A low calorie roast dinner that still tastes delicious is totally possible – and here’s how!
When we think of winter weekends and long lazy Sundays, we can’t help but think of a roast dinner! One of the best bits of the UK’s long cold winter months, there’s nothing better than sitting down with friends and family to enjoy a classic British dish.
But how many calories are you consuming when you tuck in to your favourite roast dinner? Here we look at how you can cut the calories in your roast, but without sacrificing the flavor. So you can still enjoy a delicious roast dinner – guilt free!
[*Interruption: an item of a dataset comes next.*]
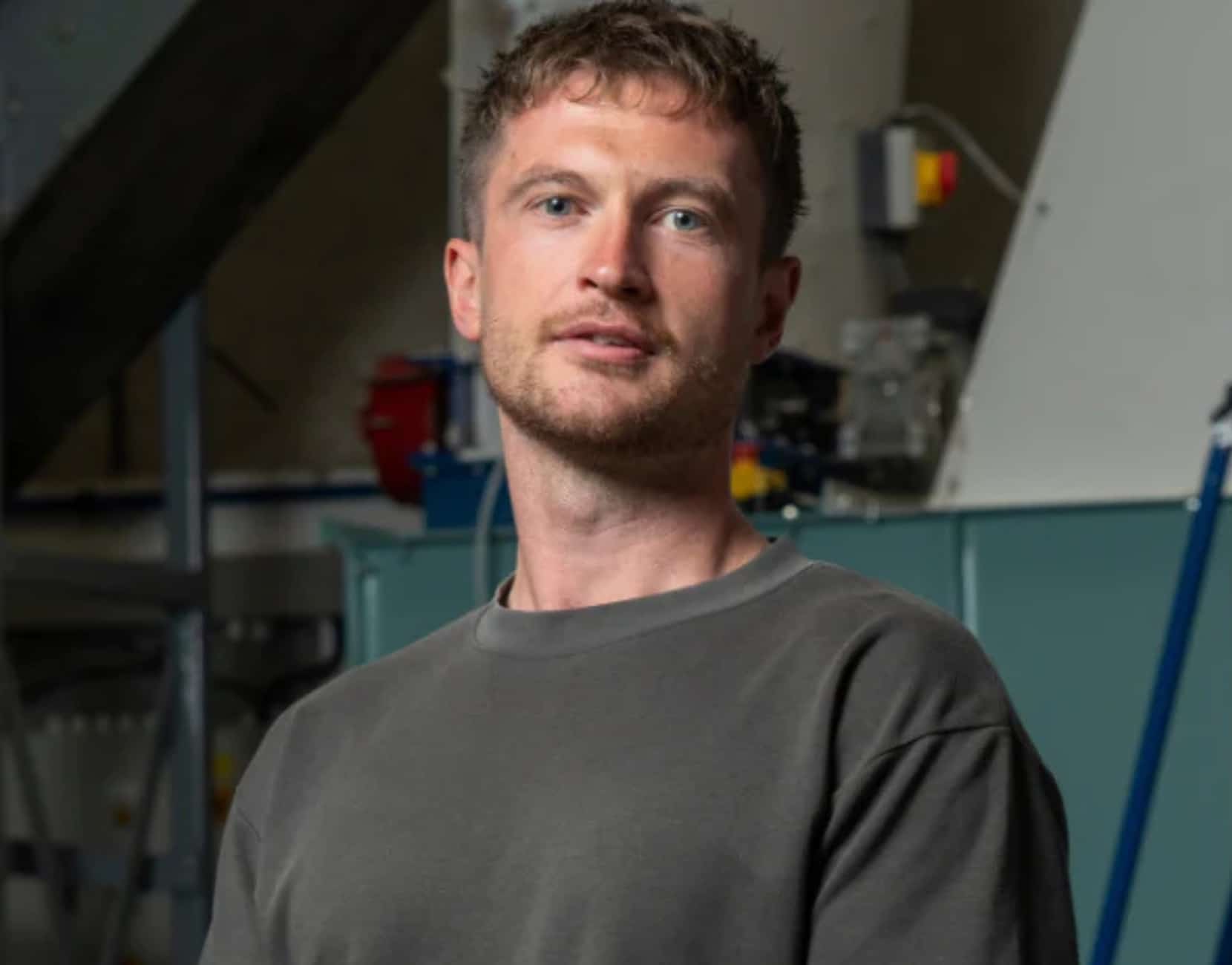 In Conversation With: Ponda Head of Agriculture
Choose your meat mindfully
The key component to any roast dinner is, of course, the meat. This part of your meal isn’t actually that bad for you if you choose carefully. Lamb or duck, for example, are the fattiest types of meat you could choose. If you pick a roast chicken or turkey though, this lean type of white meat is actually a fantastic source of protein (which is important in any diet) and can come to as little as 142 calories per portion.
Cook it carefully
Once you’ve picked your meat, make sure to roast it on rack inside a roasting tin. This will keep the meat out of the fat that runs off as it cooks. Placing half a lemon inside meat like a roast chicken, or using a self-basting tin, will ensure your meat is still moist as well as cutting the calories in the final product!
Really good roasties
The thought of crispy roast potatoes makes our mouths waters, but peeled spuds cooked in a tray of goose fat (as is often tradition) isn’t the best for anyone watching their weight, or trying to stick to a diet. Try popping your potatoes in a tray of (unflavoured) coconut oil twhen roasting – and don’t peel them first either! The coconut oil will deliver the same great tasting crispy roast potatoes that you’re used to (but better for you!) and leaving the skins on will mean they absorb less fat and keep all their nutrients – win win!
Be good with the gravy
A roast wouldn’t be complete without drizzling some delicious gravy over the top. However, pre-made gravy sauces or mixes can be full of salt – and even sugar – which will increase the calories in your meal. Try and make your own gravy at home where possible, as this will be a much healthier alternative.
Keep it colourful
For the ultimate low calorie roast dinner, make sure there is plenty of veg on your plate – and keep an eye on portion size! A colourful plate of carrots, potatoes and green veg is ideal. The vegetables should take up roughly one third of your plate at least. A general rule for portion size can be found here.
Watch the added extras
The main parts of your roast aren’t actually that bad for you – the meat is a great source of protein, the veg (especially if steamed or cooked lightly) are a fantastic part of your five a day. It’s the added extras such as bread sauce, cauliflower cheese and stuffing that will up the calorie count and make you pile on the pounds! Try sticking just one ‘added extra’ such as a Yorkshire pudding on your plate – at just 36 calories per pudding, we think you’re allowed one!